## EXERCISE DETAILS
Nothing should differ between your answer and the records.

## SUPPLIED MATERIAL
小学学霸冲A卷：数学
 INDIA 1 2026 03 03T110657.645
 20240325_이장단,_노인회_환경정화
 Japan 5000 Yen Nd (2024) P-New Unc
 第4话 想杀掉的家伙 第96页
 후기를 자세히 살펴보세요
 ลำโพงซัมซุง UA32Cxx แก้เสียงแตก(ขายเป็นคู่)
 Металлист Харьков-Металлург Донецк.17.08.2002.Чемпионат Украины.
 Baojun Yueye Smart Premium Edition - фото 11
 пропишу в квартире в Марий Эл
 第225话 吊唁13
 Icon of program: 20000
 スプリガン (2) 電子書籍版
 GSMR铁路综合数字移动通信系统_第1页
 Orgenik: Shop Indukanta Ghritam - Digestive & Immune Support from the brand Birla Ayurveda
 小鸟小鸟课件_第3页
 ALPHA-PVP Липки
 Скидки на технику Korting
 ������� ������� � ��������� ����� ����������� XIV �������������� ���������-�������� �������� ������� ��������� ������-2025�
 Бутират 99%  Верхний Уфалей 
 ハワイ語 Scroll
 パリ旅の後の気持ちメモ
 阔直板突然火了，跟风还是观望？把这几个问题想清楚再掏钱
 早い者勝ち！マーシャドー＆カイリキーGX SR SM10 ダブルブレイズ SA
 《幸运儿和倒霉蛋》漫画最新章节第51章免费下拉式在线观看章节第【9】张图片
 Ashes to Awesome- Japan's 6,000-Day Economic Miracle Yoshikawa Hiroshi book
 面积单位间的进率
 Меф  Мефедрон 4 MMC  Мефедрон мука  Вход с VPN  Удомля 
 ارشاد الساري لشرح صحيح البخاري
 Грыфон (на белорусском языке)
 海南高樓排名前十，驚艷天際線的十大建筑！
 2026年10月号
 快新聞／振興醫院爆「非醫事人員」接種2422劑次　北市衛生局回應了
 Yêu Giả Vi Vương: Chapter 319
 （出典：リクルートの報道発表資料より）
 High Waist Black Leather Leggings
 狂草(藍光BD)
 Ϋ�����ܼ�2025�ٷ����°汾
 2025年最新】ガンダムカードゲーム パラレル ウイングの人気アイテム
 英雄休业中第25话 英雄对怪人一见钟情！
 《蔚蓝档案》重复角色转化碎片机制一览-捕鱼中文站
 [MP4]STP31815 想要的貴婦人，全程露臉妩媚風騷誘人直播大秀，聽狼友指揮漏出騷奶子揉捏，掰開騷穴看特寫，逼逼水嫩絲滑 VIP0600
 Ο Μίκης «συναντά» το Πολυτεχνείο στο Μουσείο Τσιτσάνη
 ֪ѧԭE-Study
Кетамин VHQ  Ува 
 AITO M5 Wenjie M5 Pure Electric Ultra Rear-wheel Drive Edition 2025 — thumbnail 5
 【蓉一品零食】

## REPLY TO THE EXERCISE
小学学霸冲A卷：数学
 INDIA 1 2026 03 03T110657.645
 20240325_이장단,_노인회_환경정화
 Japan 5000 Yen Nd (2024) P-New Unc
 第4话 想杀掉的家伙 第96页
 후기를 자세히 살펴보세요
 ลำโพงซัมซุง UA32Cxx แก้เสียงแตก(ขายเป็นคู่)
 Металлист Харьков-Металлург Донецк.17.08.2002.Чемпионат Украины.
 Baojun Yueye Smart Premium Edition - фото 11
 пропишу в квартире в Марий Эл
 第225话 吊唁13
 Icon of program: 20000
 スプリガン (2) 電子書籍版
 GSMR铁路综合数字移动通信系统_第1页
 Orgenik: Shop Indukanta Ghritam - Digestive & Immune Support from the brand Birla Ayurveda
 小鸟小鸟课件_第3页
 ALPHA-PVP Липки
 Скидки на технику Korting
 ������� ������� � ��������� ����� ����������� XIV �������������� ���������-�������� �������� ������� ��������� ������-2025�
 Бутират 99%  Верхний Уфалей 
 ハワイ語 Scroll
 パリ旅の後の気持ちメモ
 阔直板突然火了，跟风还是观望？把这几个问题想清楚再掏钱
 早い者勝ち！マーシャドー＆カイリキーGX SR SM10 ダブルブレイズ SA
 《幸运儿和倒霉蛋》漫画最新章节第51章免费下拉式在线观看章节第【9】张图片
 Ashes to Awesome- Japan's 6,000-Day Economic Miracle Yoshikawa Hiroshi book
 面积单位间的进率
 Меф  Мефедрон 4 MMC  Мефедрон мука  Вход с VPN  Удомля 
 ارشاد الساري لشرح صحيح البخاري
 Грыфон (на белорусском языке)
 海南高樓排名前十，驚艷天際線的十大建筑！
 2026年10月号
 快新聞／振興醫院爆「非醫事人員」接種2422劑次　北市衛生局回應了
 Yêu Giả Vi Vương: Chapter 319
 （出典：リクルートの報道発表資料より）
 High Waist Black Leather Leggings
 狂草(藍光BD)
 Ϋ�����ܼ�2025�ٷ����°汾
 2025年最新】ガンダムカードゲーム パラレル ウイングの人気アイテム
 英雄休业中第25话 英雄对怪人一见钟情！
 《蔚蓝档案》重复角色转化碎片机制一览-捕鱼中文站
 [MP4]STP31815 想要的貴婦人，全程露臉妩媚風騷誘人直播大秀，聽狼友指揮漏出騷奶子揉捏，掰開騷穴看特寫，逼逼水嫩絲滑 VIP0600
 Ο Μίκης «συναντά» το Πολυτεχνείο στο Μουσείο Τσιτσάνη
 ֪ѧԭE-Study
Кетамин VHQ  Ува 
 AITO M5 Wenjie M5 Pure Electric Ultra Rear-wheel Drive Edition 2025 — thumbnail 5
 【蓉一品零食】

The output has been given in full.